Taking the data below, please print only the lines from the line holding "Luxury iPhone Case" to the line holding "Gucci Beige Brown", inclusive, with pictures omitted.

> **DATA PROVIDED**:
========================================

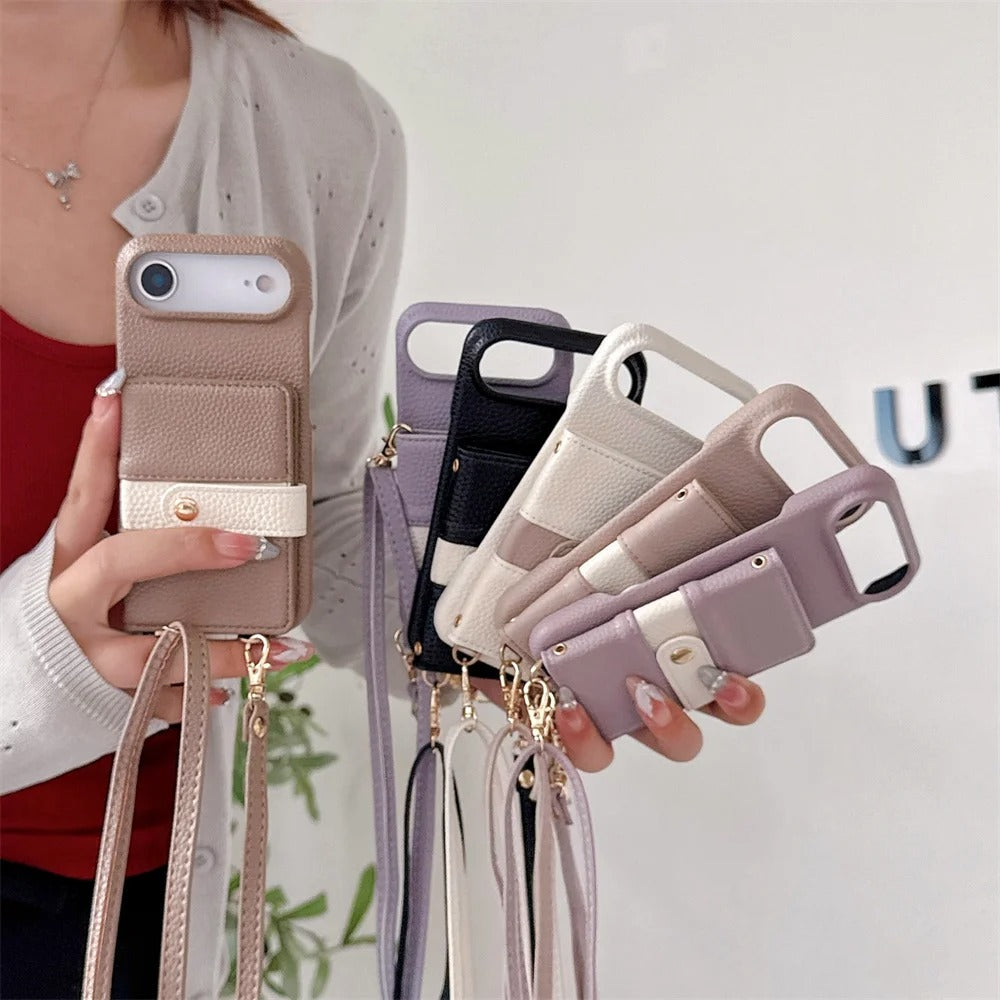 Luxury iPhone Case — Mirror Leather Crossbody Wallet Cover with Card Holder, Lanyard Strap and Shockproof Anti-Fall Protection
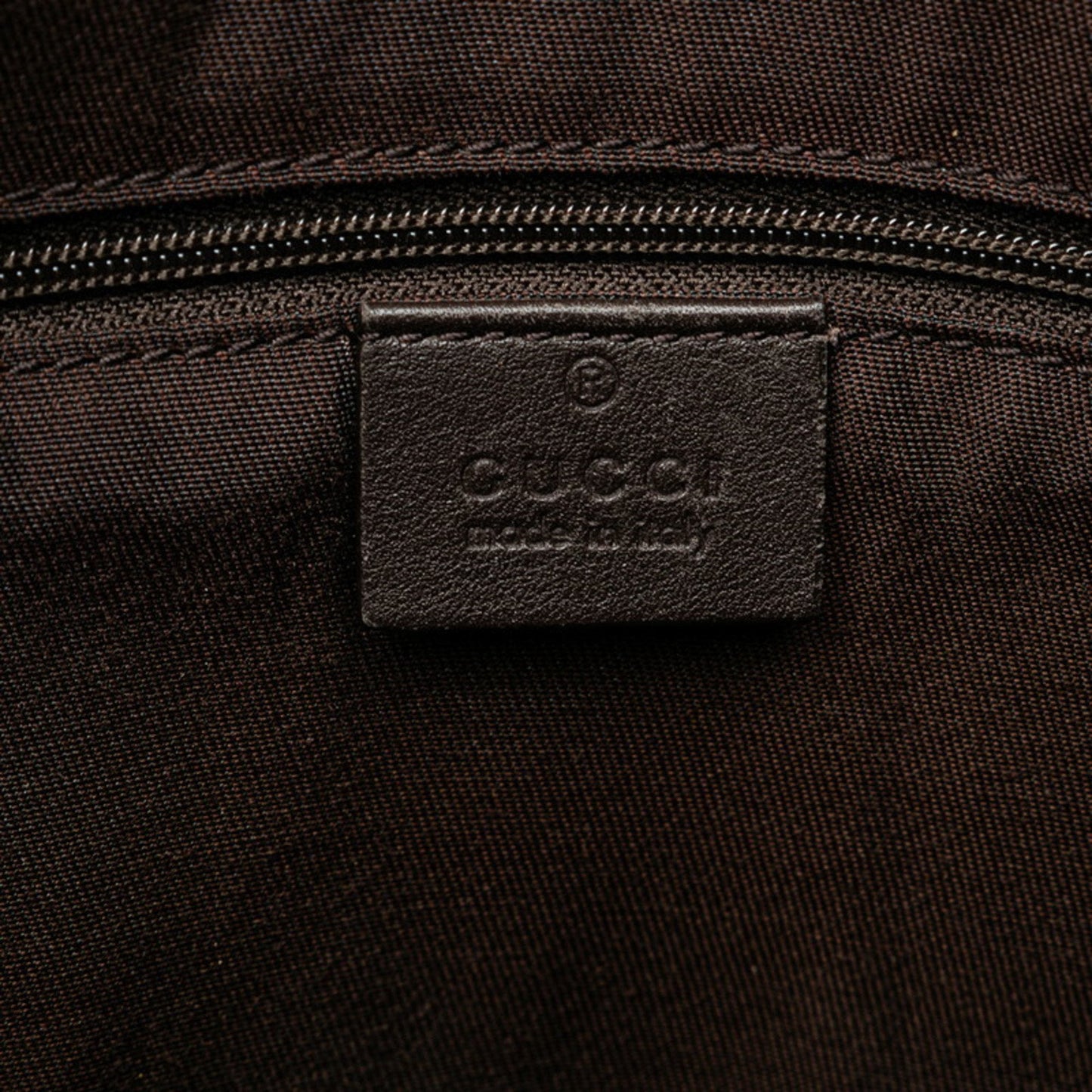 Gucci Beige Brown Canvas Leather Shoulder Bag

========================================

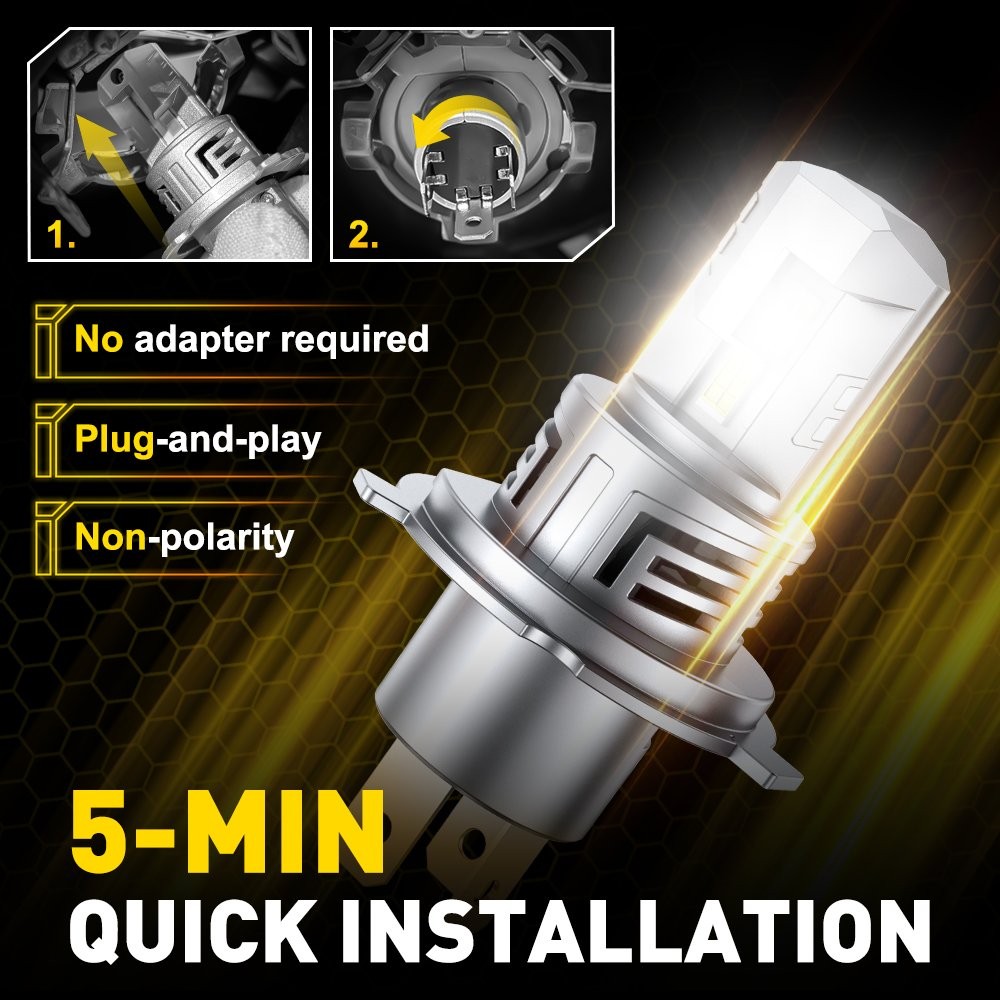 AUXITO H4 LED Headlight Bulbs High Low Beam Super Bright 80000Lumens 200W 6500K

========================================

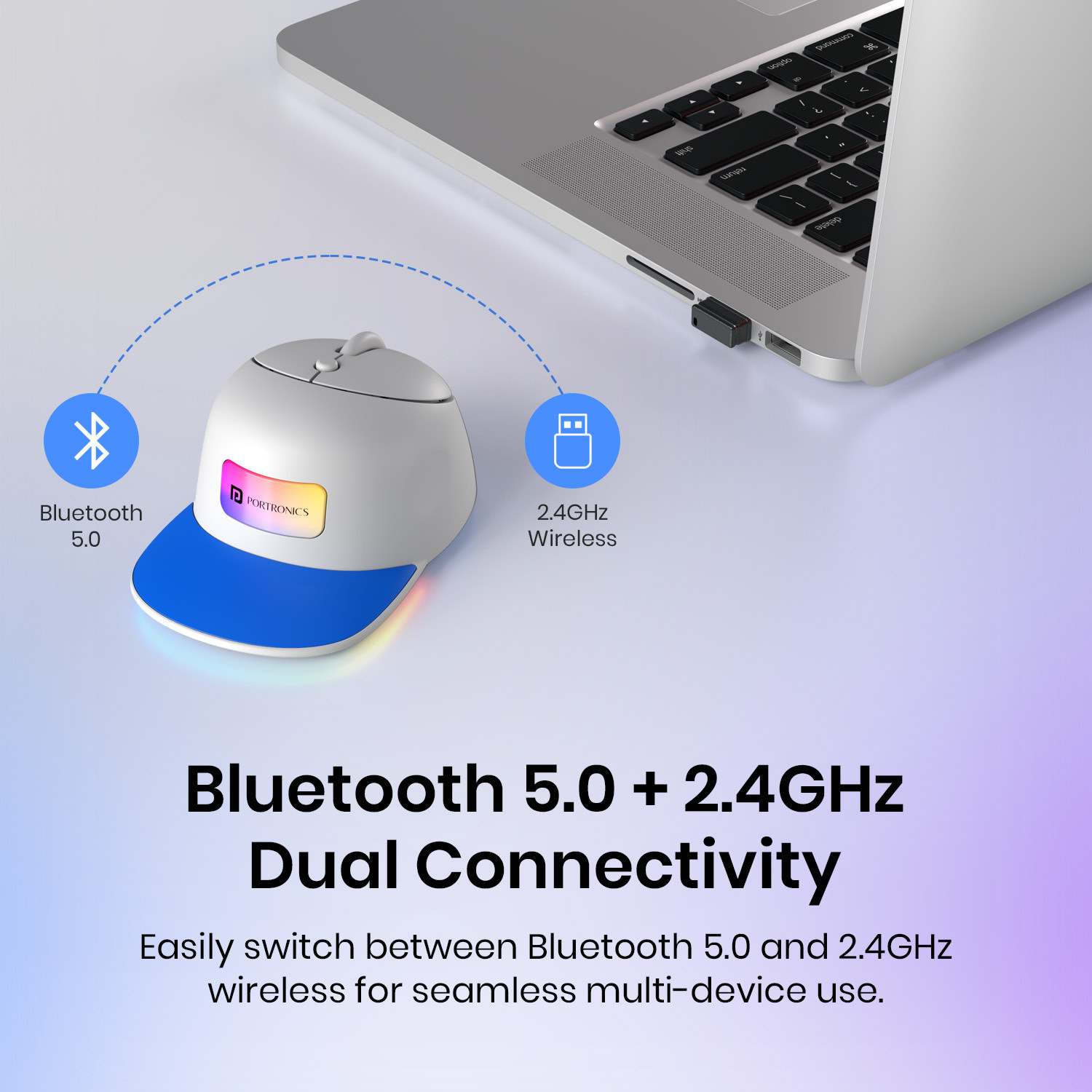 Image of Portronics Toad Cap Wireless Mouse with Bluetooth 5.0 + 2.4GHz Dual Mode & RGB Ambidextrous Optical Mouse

========================================

> **EXERCISE RESPONSE**:
 Luxury iPhone Case — Mirror Leather Crossbody Wallet Cover with Card Holder, Lanyard Strap and Shockproof Anti-Fall Protection
 Gucci Beige Brown Canvas Leather Shoulder Bag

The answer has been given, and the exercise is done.